The voles then use those tunnels to get to plant roots and this is why the astibles that were perfect yesterday have done that fainting thing and lie withered in a heap in your perennial beds. Voles are vegetarians. And there is no truly effective way of getting rid of them. Trust me, I’ve tried everything.
And lets not get me started on the various scale invasions we have this year - so out of control that it’s causing some of my magnolias to die. Or the various and sundry funguses and wilts and blights that people keep asking me to identify and I keep sending up to Cornell Cooperative Extension in Riverhead with the words, “I’m sorry but I have no idea, I’ve never seen that before.”
Did I mention my lemon balm is totally out of control? Compared to deer, rodent, insect and fungal issues an invasive herb shouldn’t be that big of a deal, but I made the mistake of putting one tiny plant in years ago (forgetting that it’s in the mint family – code word highly invasive) and now I have enough to harvest as a roadside crop. What’s a girl to do with armfuls of lemon balm? I feel guilty just ripping it out - the scent is spectacular, but last time I cut and hung my invasive spearmint up to dry all it did was get mildewy and gather cobwebs and snarky comments in the kitchen.

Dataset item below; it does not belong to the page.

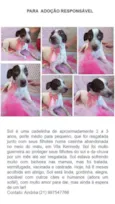 Zé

And how do I get rid of the onion grass that’s taking over the crabgrass that has already fought back the lawn? Or the glechoma hederacea or creeping Charlie that’s running roughshod throughout the entire property? It’s official. I’m overwhelmed.
However, after doing a little research I’ve come to learn that Lemon Balm is a fantastic remedy for anxiety, so perhaps I need to open that roadside stand after all. And along with lemon balm tea I can serve barbequed vole on a stick (perhaps wrapped in onion grass?) to all the other gardeners in my neighborhood.